Exercise details: Without changing a word, repeat the data, and include no pictures.

Information provided:

+++

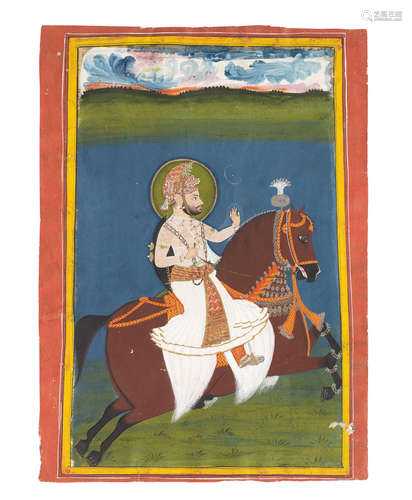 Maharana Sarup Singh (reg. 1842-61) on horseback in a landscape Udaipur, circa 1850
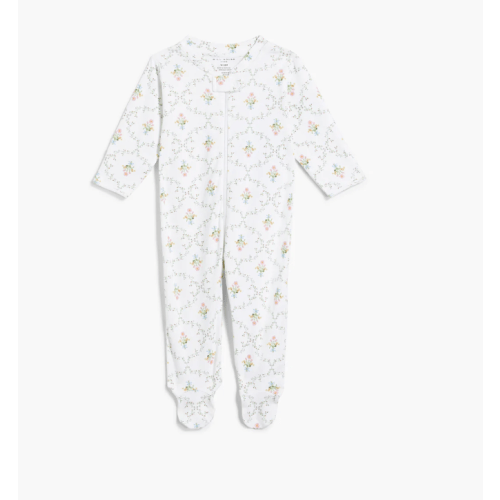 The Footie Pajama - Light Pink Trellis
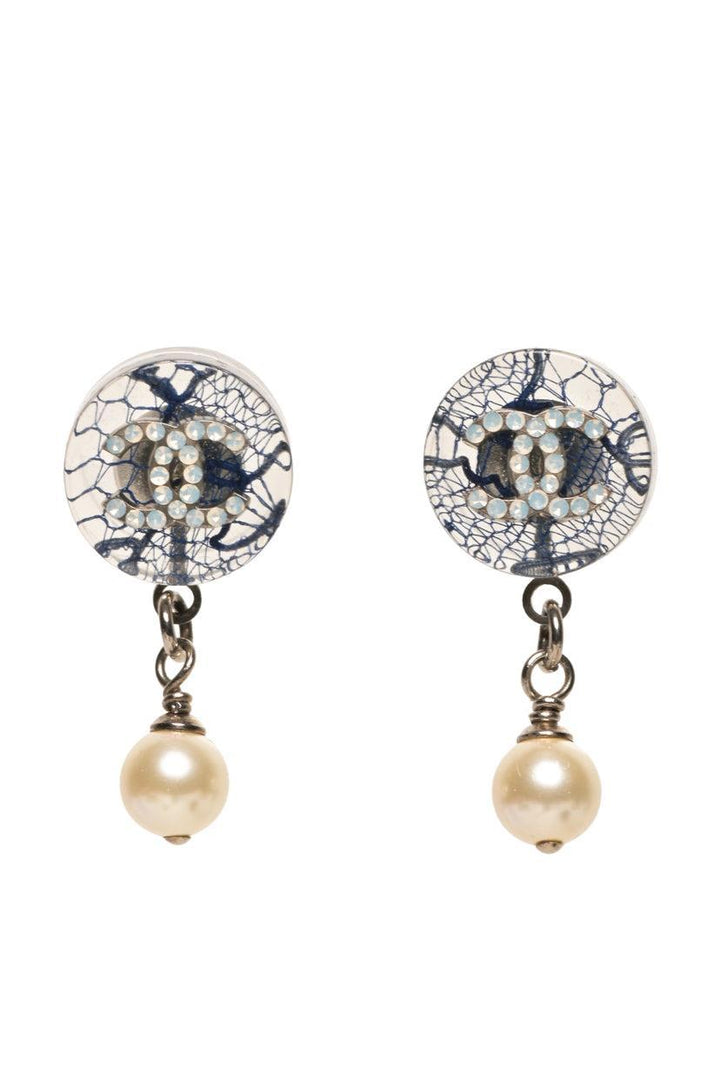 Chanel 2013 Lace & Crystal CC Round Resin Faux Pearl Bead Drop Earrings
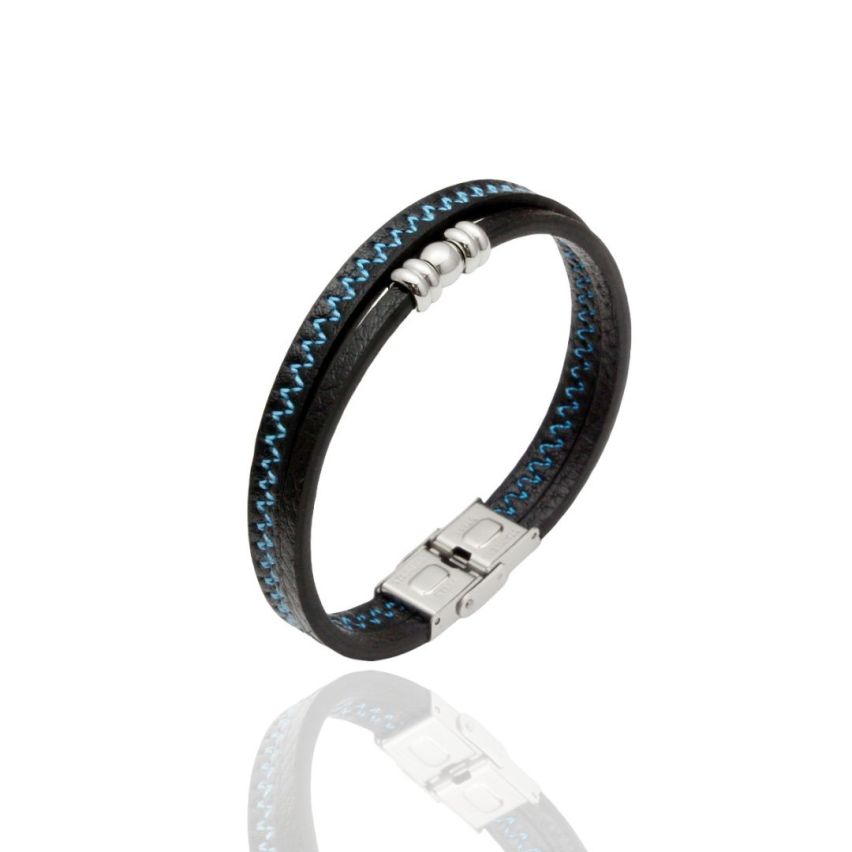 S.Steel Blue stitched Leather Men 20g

+++

Result:
 Maharana Sarup Singh (reg. 1842-61) on horseback in a landscape Udaipur, circa 1850
 The Footie Pajama - Light Pink Trellis
 Chanel 2013 Lace & Crystal CC Round Resin Faux Pearl Bead Drop Earrings
 S.Steel Blue stitched Leather Men 20g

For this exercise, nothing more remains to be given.